E dunque, come mai una ragazza selvaggia vive prima con il proprio cane-lupo e poi da sola nel bosco? Come può sopravvivere? Tessa è al corrente delle brevi apparizioni di questa creatura, di cui conosce anche il nome: Dasha Held. Dasha, scomparsa dieci anni prima mentre giocava nel bosco con la gemella Nina, è stata cercata a lungo dal padre adottivo, Giorgio Held, imprenditore che aveva sperato di risollevare la moglie dalla depressione per la propria sterilità portando a casa due ragazzine di Cernobil. Fin dall'inizio, però, Nina si è presentata come l'opposto di Dasha: la prima, solare, curiosa e pronta ad apprendere la nuova lingua e la nuova cultura; l'altra, ugualmente bella, ma muta e diffidente. Selvaggia, verrebbe da dire, prima ancora della sua sparizione nella riserva di Stellaria. 
È il ritrovamento di Dasha, ferita, nella foresta e il salvataggio da parte di Tessa a mettere in moto l'azione, che si svolge sempre con frequenti interruzioni per affondare nel passato e comprendere meglio cosa ha portato Giorgio Held a cercare per anni la figlia scomparsa, che invece ha fatto mantenere a Tessa il segreto di avere già avvistato Dasha, perché adesso Nina si trova in coma,... 
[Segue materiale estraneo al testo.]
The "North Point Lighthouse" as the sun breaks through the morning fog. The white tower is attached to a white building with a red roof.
Ma c'è anche il presente: nella bolla della villa di famiglia, Giorgio Held riproduce un habitat per Dasha, chiama specialisti perché aiutino la figlia a ritrovare la sua umanità. Senza volere, la ragazza si trova in una sorta di gabbia dorata, in cui non c'è spazio per il calore umano, né per la libertà. D'altro canto, anche la famiglia Held si trova a sconvolgere nuovamente l'equilibrio difficilmente recuperato. 
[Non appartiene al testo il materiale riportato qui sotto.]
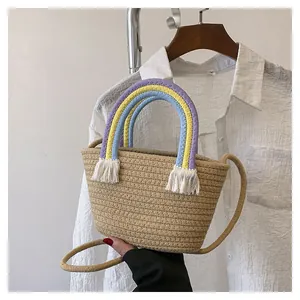 Detail der gewebten Strohtasche mit Regenbogen-Baumwollgriffen und cremeweißen Quasten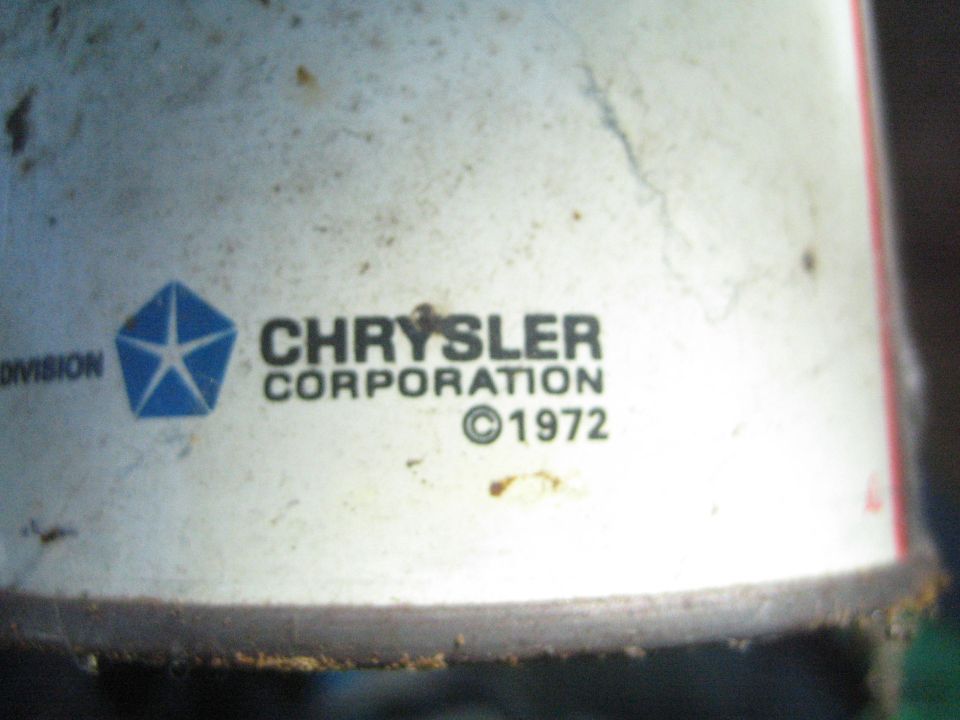 Chrysler Corporation logo with copyright date 1972 visible on a part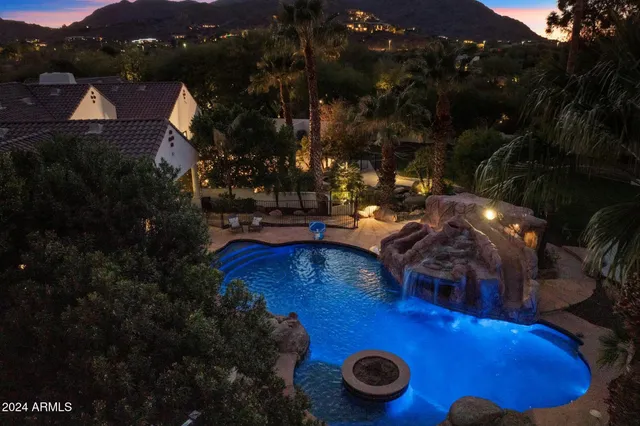 a view of a swimming pool with lounge chair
Il mito del buon selvaggio, tanto coltivato durante l'Illuminismo, ravvisava nell'esotico un ritorno ai valori primordiali, ripuliti dalla corruzione e realmente genuini. Nella Ragazza selvaggia tutto questo manca: la ferinità di Dasha genera disgusto e sospetto, paura e profonda preoccupazione. L'unica soluzione possibile, per tornare ad amare Dasha, è addomesticare la ragazza, lenire le sue asperità e quindi farla rientrare a pieno titolo nell'almeno apparentemente rassicurante categoria degli esseri umani. 
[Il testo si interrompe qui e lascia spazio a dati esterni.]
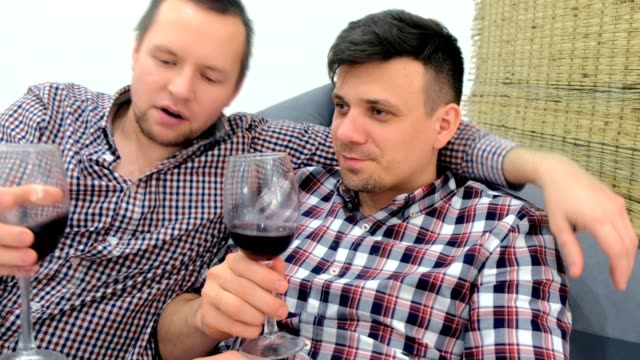 Männer-Schwule-entspannen-und-trinken-einen-Rotwein-umarmen.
Il tema della natura, tanto caro a Laura Pugno, già presente nel suo Sirene d'esordio, torna a essere analizzato nel suo rapporto problematico con l'uomo. Certamente l'idea del romanzo è interessante, per tutti i retroscena che presenta, ma la sintassi fortemente paratattica, la scrittura scabra, lontana da qualsiasi uso aggettivale non fondamentale, il raro scavo nelle emozioni dei personaggi creano un effetto di gelo. Di certo sarà stato tutto preventivato dall'autrice, scrittrice attenta e letteraria, non lo si mette in dubbio, però durante la lettura l'effetto di straniamento è fin troppo potente: la storia, potenzialmente drammatica fino al patetismo più estremo (oltre alla scomparsa di Dasha, i vari personaggi fanno i conti con depressione, desideri suicidi, incidenti, drammi di varia natura,...), rifugge il rischio di empatia col lettore in direzione di una freddezza eccessivamente distanziante, quasi cronachistica.